WHAT YOU HAVE TO DO:
Repeat exactly the lines below from the line that contains "Fassi-cranes-for-the-rail-sector-with-SVI" to the last line, inclusive, without the pictures.

Captioned web image data:
+-------+
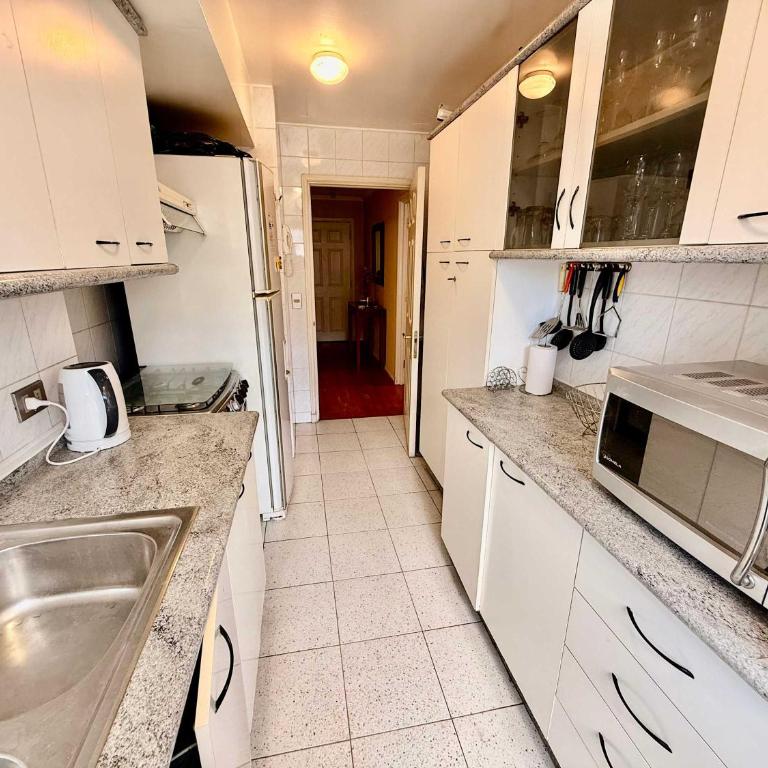 Espacioso frente a la playa y cercano a mall - Apartamento - 31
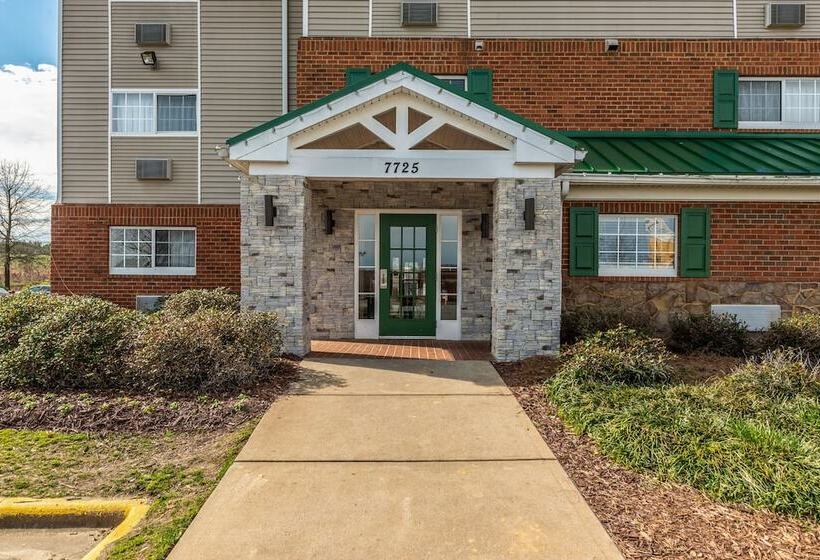 בית מלון כפרי Hometowne Studios & Suites By Red Roof Charlotte  Concord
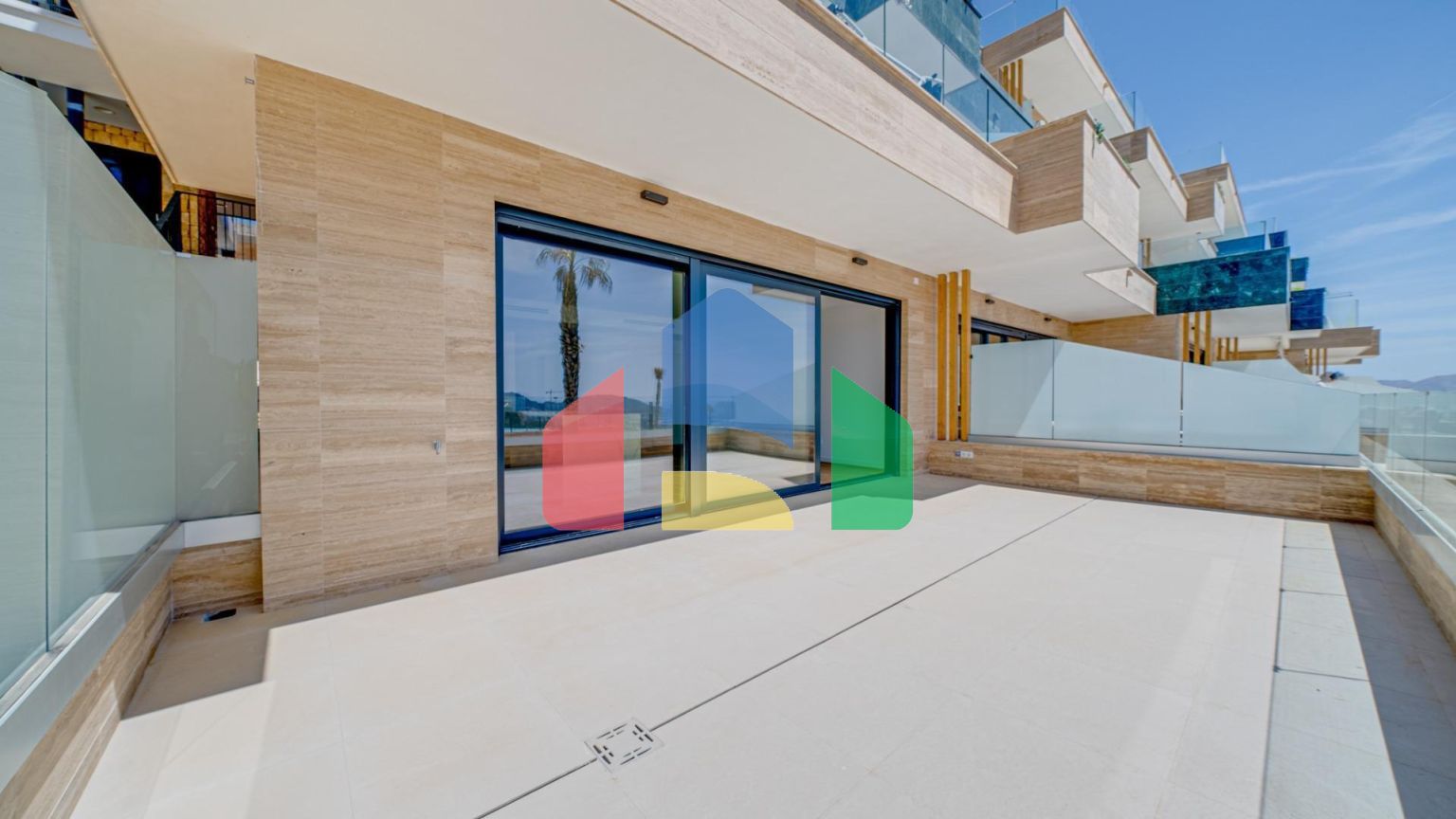 Просторный, новый дуплекс в Финестрате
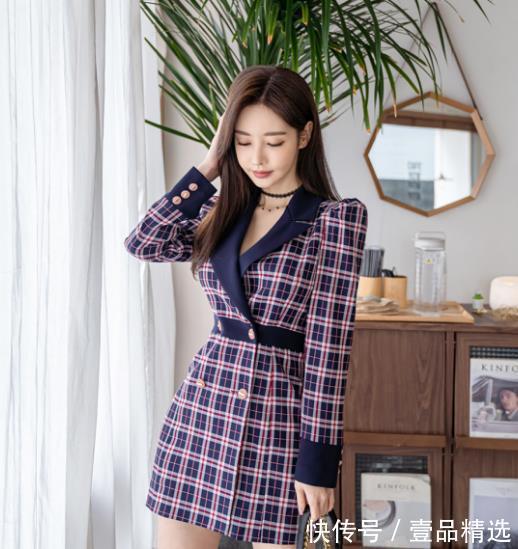搭配|女神孙允珠高清时尚搭配:新式复古幽紫豆沙方格斜衩裙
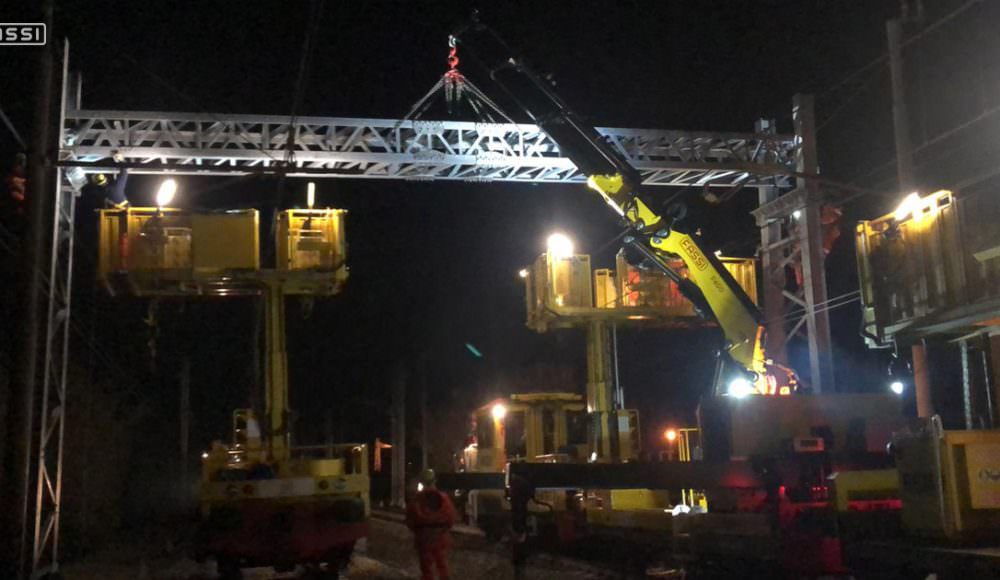 Fassi-cranes-for-the-rail-sector-with-SVI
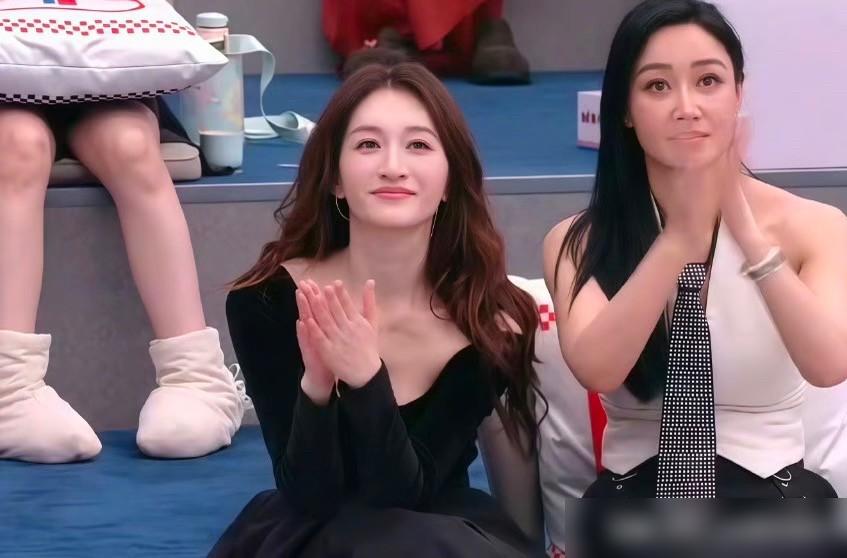 别再吹李小冉的脸了，那张脸根本撑不起她的地位。
我告诉你，单拎出来看，她的五官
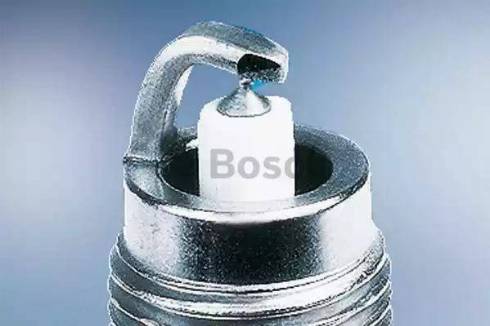 BOSCH 0 242 225 570 - Свічка запалювання autozip.com.ua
+-------+
RESPONSE:
 Fassi-cranes-for-the-rail-sector-with-SVI
 别再吹李小冉的脸了，那张脸根本撑不起她的地位。
我告诉你，单拎出来看，她的五官
 BOSCH 0 242 225 570 - Свічка запалювання autozip.com.ua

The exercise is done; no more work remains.